The Taurobolium was a pagan Roman ritual in which the worshipper stood in a pit and was drenched in bull’s blood.  It was supposed to confer immortality, or something of the kind, although I’ve not researched it. 

Sometimes people assert that this was part of the cult of Mithras, which seems to be untrue; the inscriptions that record the rite are not associated with Mithras, and no Mithraic literary text mentions it.

There is an inscription which associates Mithras with the Taurobolium (CIL VI, 736).   In his article “The Mithraic bas-relief of Pesaro” (“Le bas-relief Mithraique de Pesaro”, Revue archeologique, 3rd series, t. 13, pp. 64-69, 1889), J. Lebegue raises the question of whether the inscription is authentic. I’ve been sent the article, and asked to summarise its argument for non-French speakers: here it is.

The inscription appears on a relief, found at Rome, then transfered to the Olivieri museum at Pesaro. It appears on a stone plaque which represents the familiar scene of Mithras sacrificing the bull. The inscription appears almost completely on a column to the right of the scene; some words are inscribed on the body of the bull being immolated by the god.

The inscription is almost complete, and can be restored as:

Deo magno Mithrae pollenti consenti Lari sancto suo M. Philonius Philomuses Eugenianus delibutus sacratissimis misteriis per omnia probatissimus qui et arcanis perfusionibus in aternum renatus taurobolium crioboliumque fecit et bucranium signavit.

(“To the great god Mithras, with the agreement of the holy Lares, for his health, M. Philonius Philomuses Eugenianus did this, having been anointed in the most sacred mysteries, through it all most worthy (?), who also in the secret bloodshed reborn into the eternal Taurobolium and Criobolium, and sealed the bull-head on the altar (bucranium). “)

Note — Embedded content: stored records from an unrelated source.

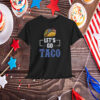 Let's Go Taco America Flag Shirt
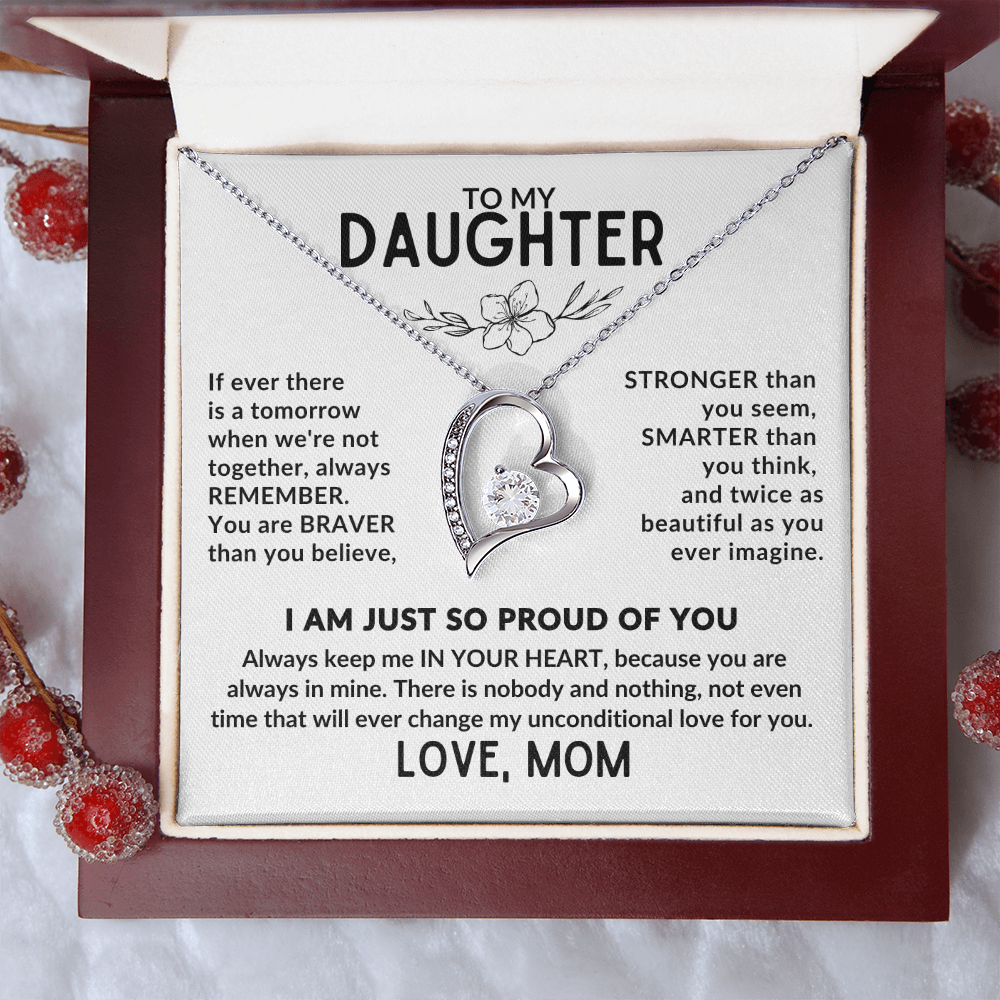 You Daughter is your world, Let her know she can always count on you.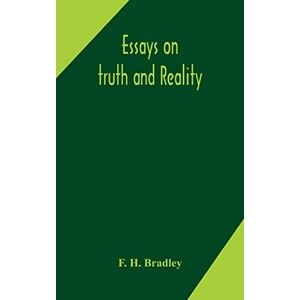 H Bradley, F Essays on truth and reality H Bradley, F Essays on truth and reality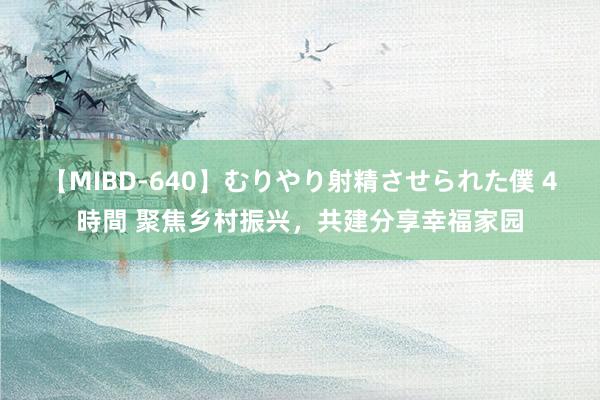 【MIBD-640】むりやり射精させられた僕 4時間 聚焦乡村振兴，共建分享幸福家园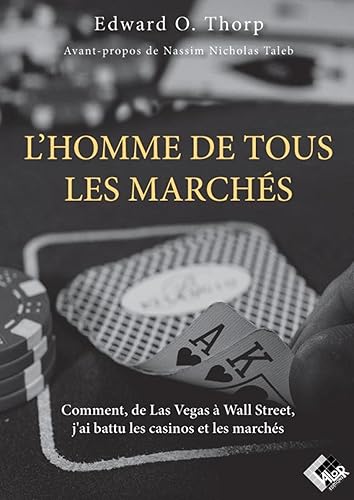 L'homme de tous les marchés: Préface de Nassim Nicholas Taleb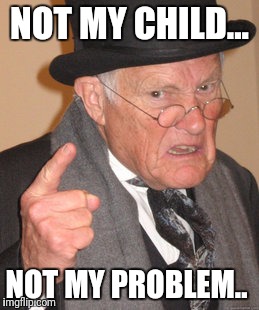 Back In My Day Meme | NOT MY CHILD... NOT MY PROBLEM.. | image tagged in memes,back in my day | made w/ Imgflip meme maker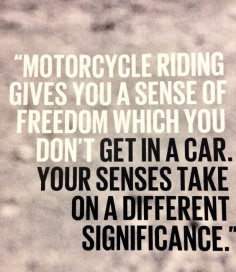 Motorcycle riding give you a sense of freedom which you don't get in a car. Your senses take on a different significance.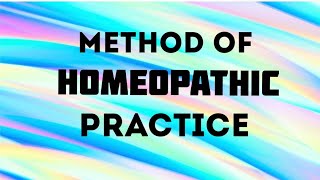 Homeopathic Practice  Different methods  Different Approaches to practice Homeopathy [upl. by Atiuqahc]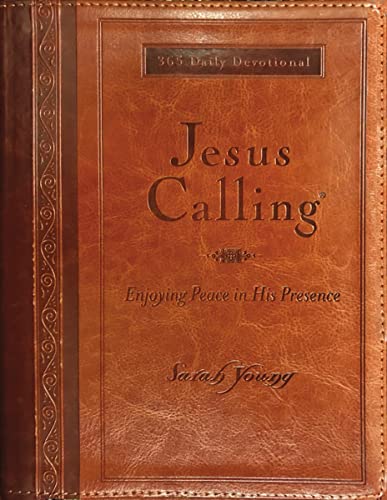 Read Jesus Calling, Large Text Brown Leathersoft, with full Scriptures: Enjoying Peace in His Presence (a 365-day Devotional), written by Sarah Young Read Jesus Calling, Large Text Brown Leathersoft, with full Scriptures: Enjoying Peace in His Presence (a 365-day Devotional), written by Sarah Young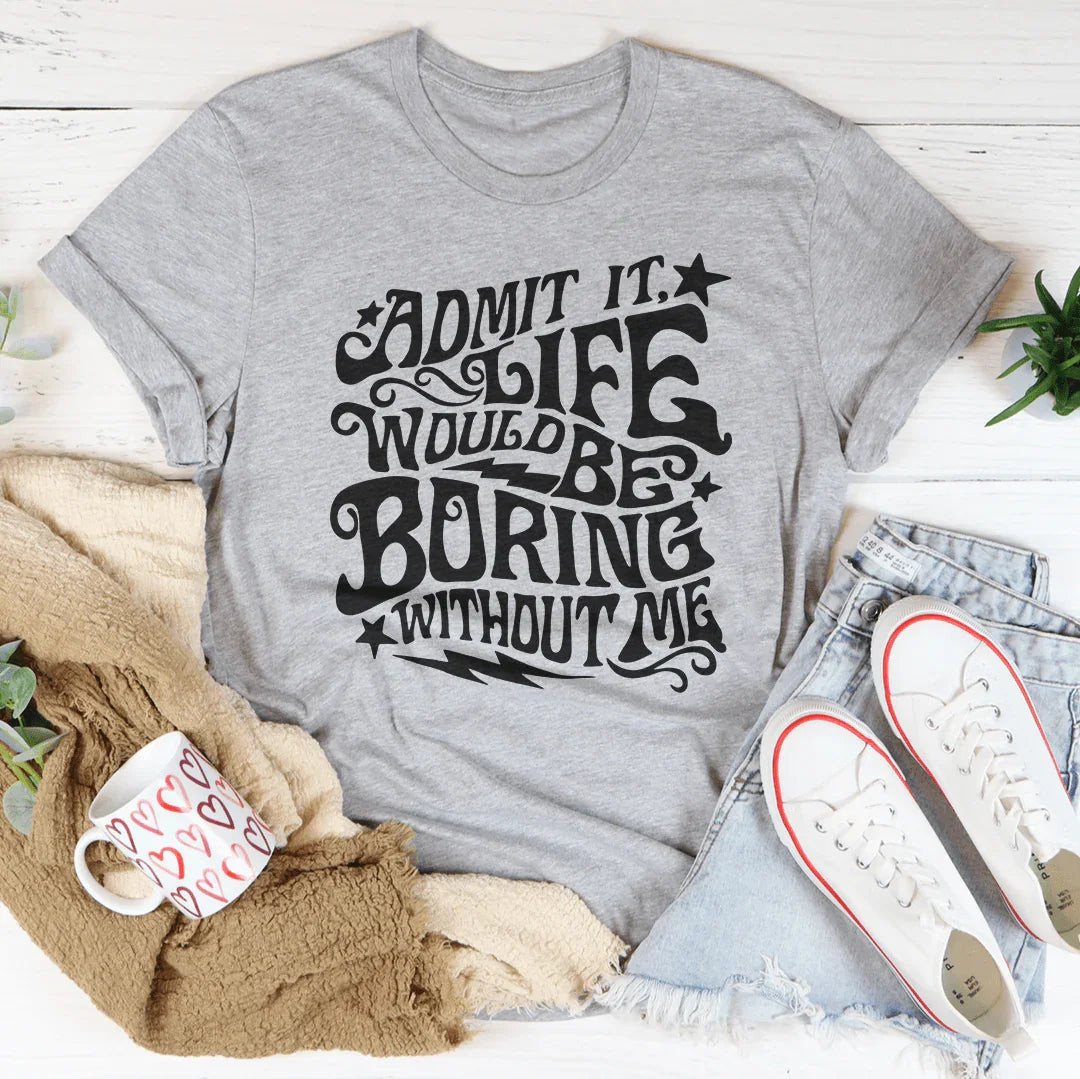 Admit It Life Would Be Boring Without Me Tee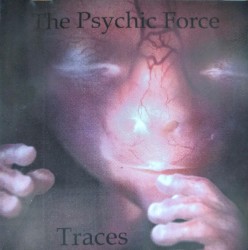 The Psychic Force - Traces (1994)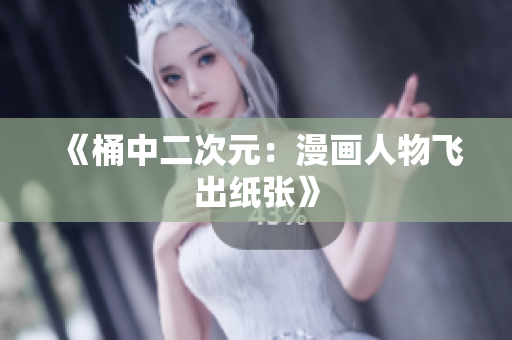 《桶中二次元：漫画人物飞出纸张》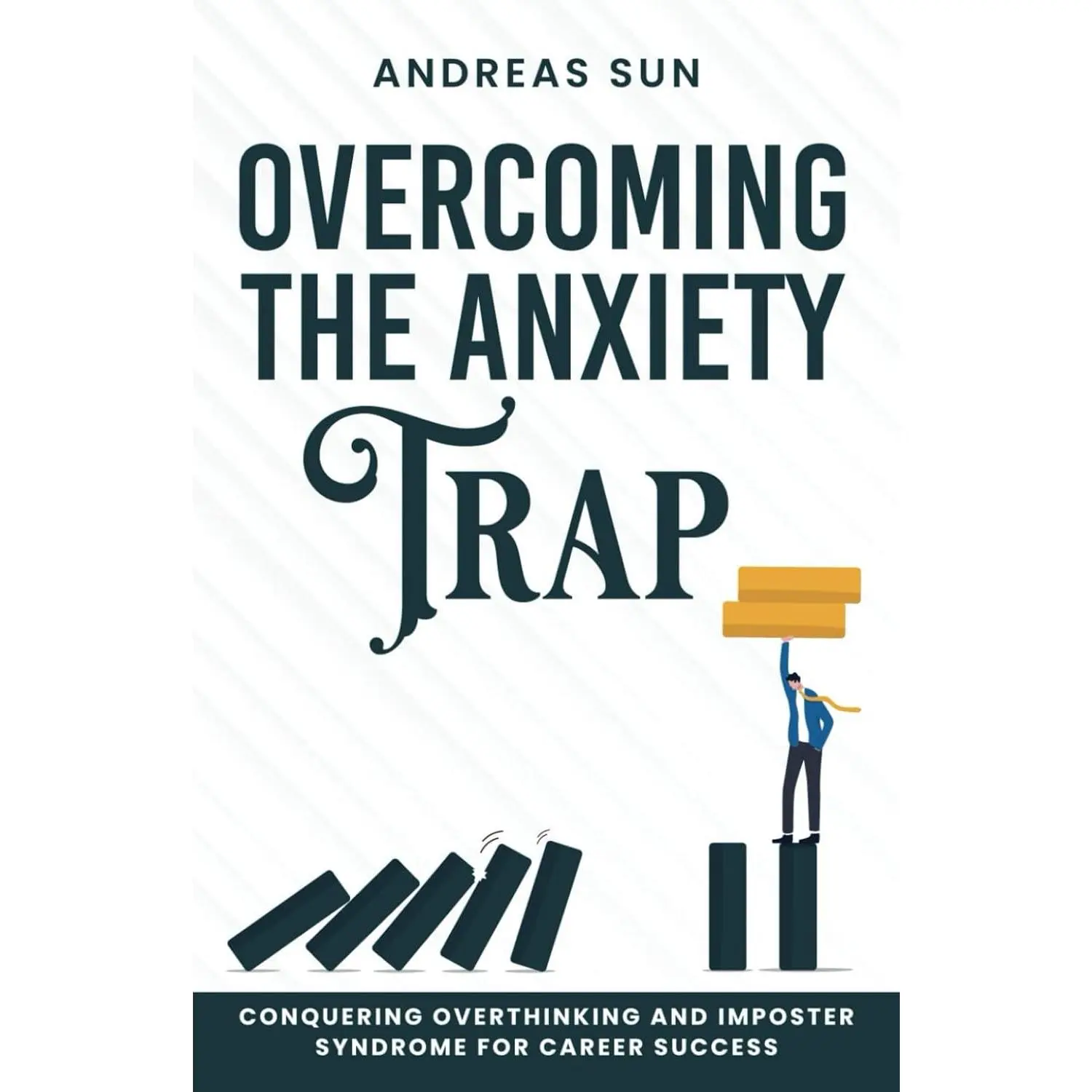 Overcoming the Anxiety Trap: Conquering Overthinking and Imposter Syndrome for Career Success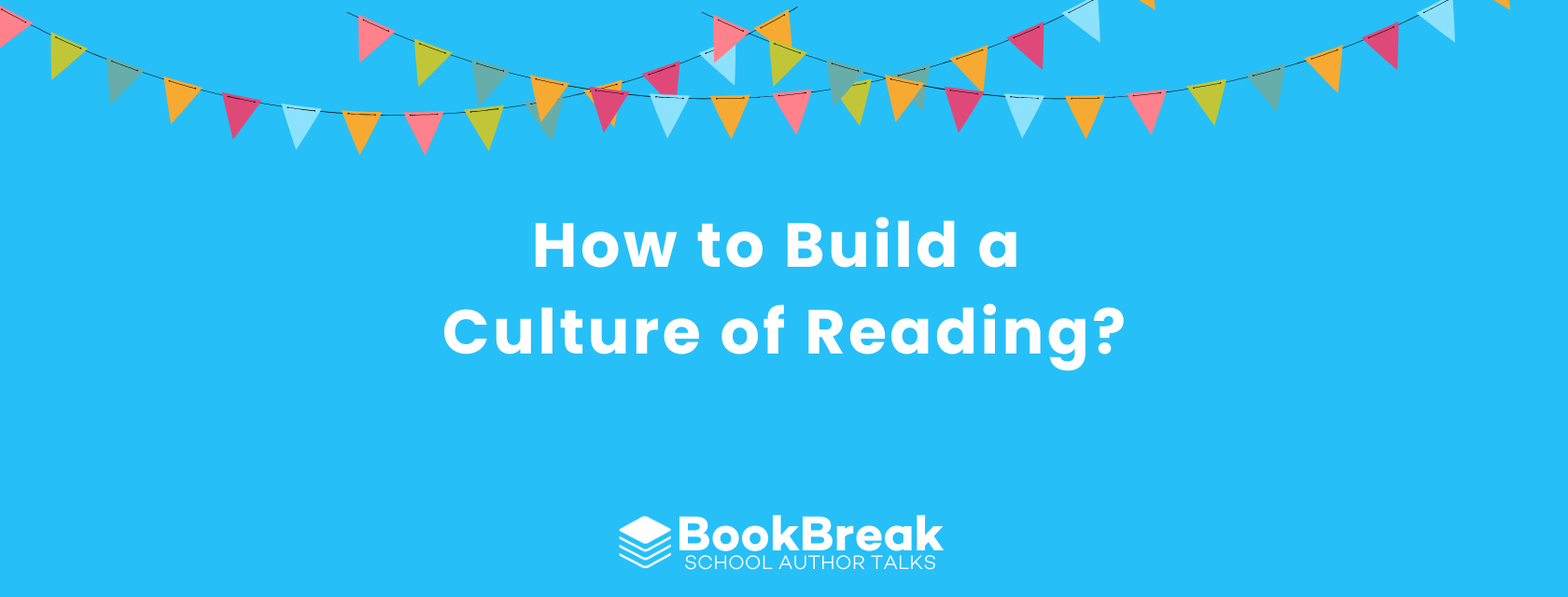 How to Build a Culture of Reading?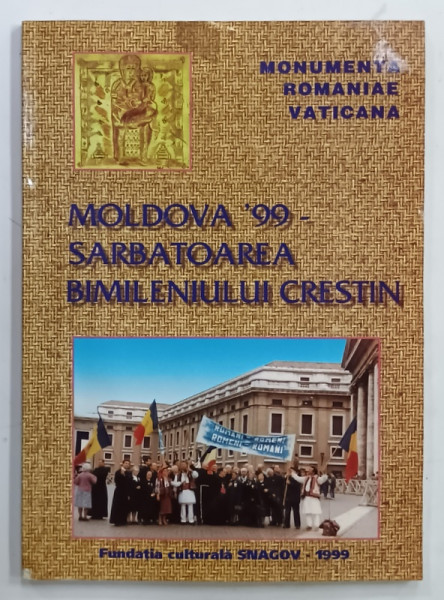 MOLDOVA ' 99 - SARBATOAREA BIMILENIULUI CRESTIN , editie ingrijita de ION DUMITRU SNAGOV , 1999 , PREZINTA URME DE INDOIRE SI DE UZURA , DEDICATIE  *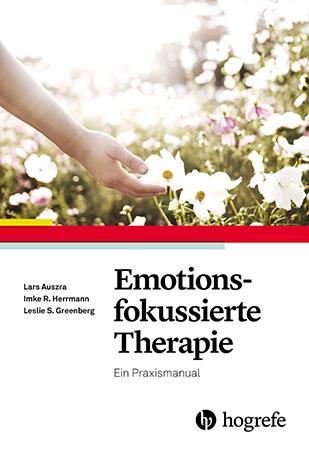 Produktbild Emotionsfokussierte Therapie (Deutsch, ImkeR/Greenberg, LeslieS, Lars/Herrmann, Auszra, 2016)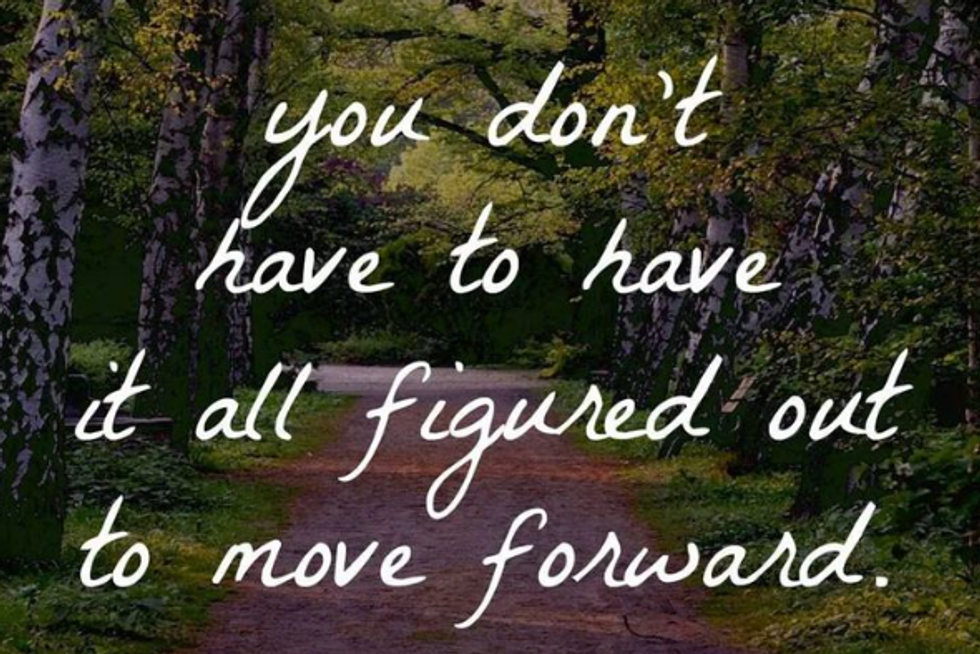 It Is Okay To Not Have It All Figured Out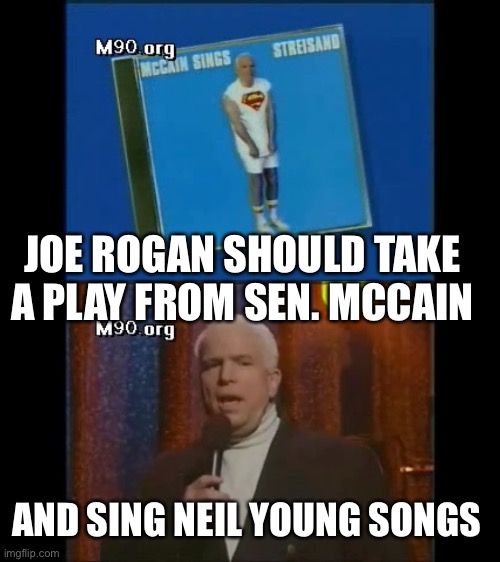 Sen. John McCain sings Streisand on SNL    https://vimeo.com/2034145 | JOE ROGAN SHOULD TAKE A PLAY FROM SEN. MCCAIN; AND SING NEIL YOUNG SONGS | image tagged in joe rogan,neil young,sen mccain,streisand | made w/ Imgflip meme maker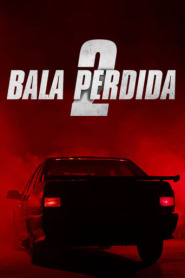 Assistir Filme Bala Perdida 2 Online HD
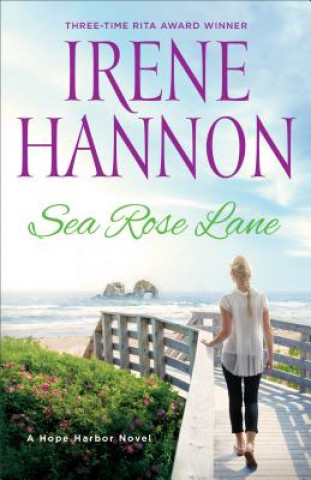 Книга Sea Rose Lane - A Hope Harbor Novel Irene Hannon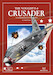 The Vought F8 Crusader - A Comprehensive guide MDF32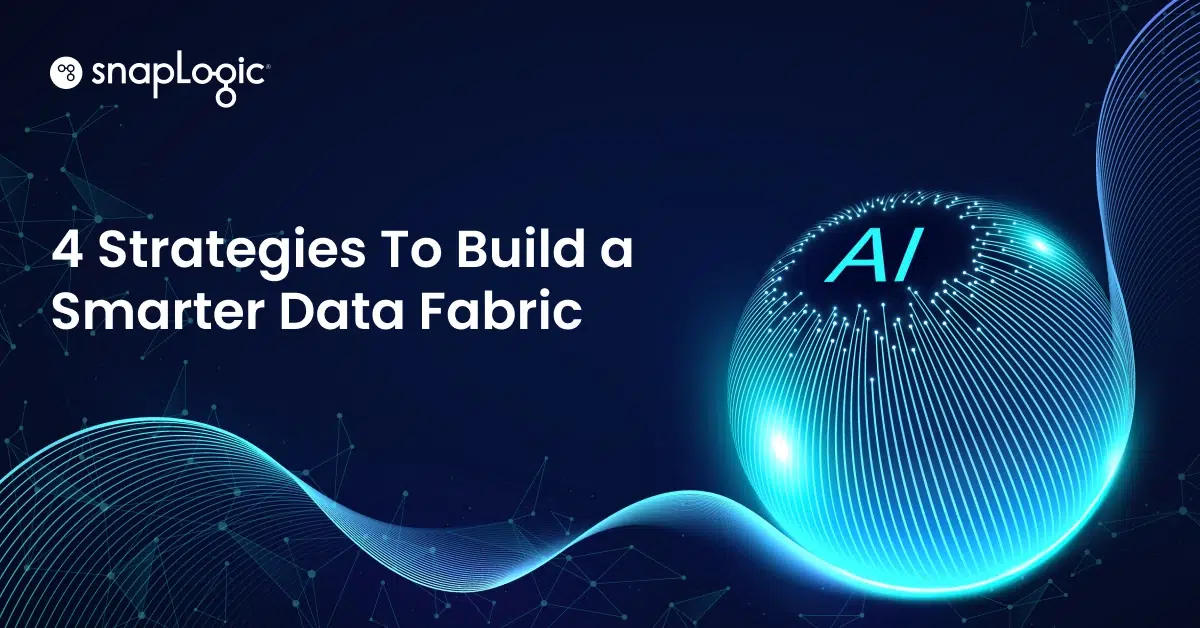 Four Strategies to Build a Smarter Data Fabric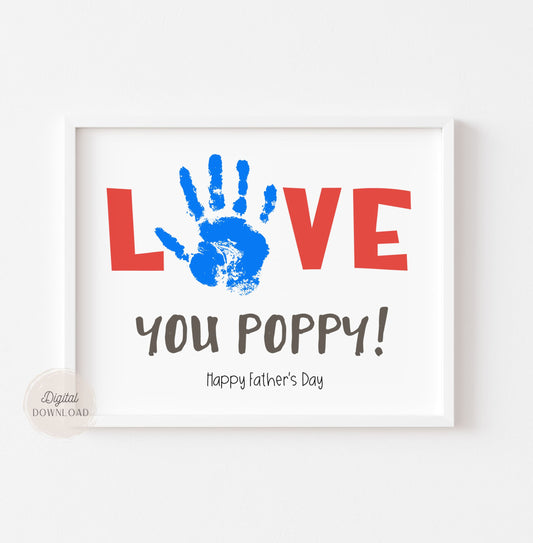 Love you Poppy - Grandpa Father's day Handprint craft.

On the body of the bull appear the words:

Absolvit | K(alendis) mart(iis) | Agria Ceresi pa(ter) | et pont(ifex) s(a)c(ris) [f]ac(iundis?) | dei magni

(“Paid off on the kalends of March, when Agria Ceresius was Father and pontiff of the holy things that must be done for the great god.”)

And further down:

Tatiano et Simacho consulibus.

Tatian and Symmachus being consuls.

This dates the inscription to 391 AD. The question is whether the inscription is authentic. There are numerous anomalies.

Line 1: Mithras never bears the title “Magnus”, but instead “Invictus”, or sometimes “summus”. The “dii magni” are part of the cult of Cybele, not Mithras. The term is not reserved entirely for that cult, tho, so might be used generically. If so, then it would be very odd that this is the only title given here to Mithras. Further, if in line 27 (on the bull) “dei magni” is correct, then it is certain that this is the only title being given in this inscription to Mithras, and so that the inscription is false. Mommsen has given a different explanation of that line, tho.

Line 3: The “dii consentes” belong to the cult of Jupiter, in which Mithras does not figure. Pollenti, next to consentes, is inappropriate.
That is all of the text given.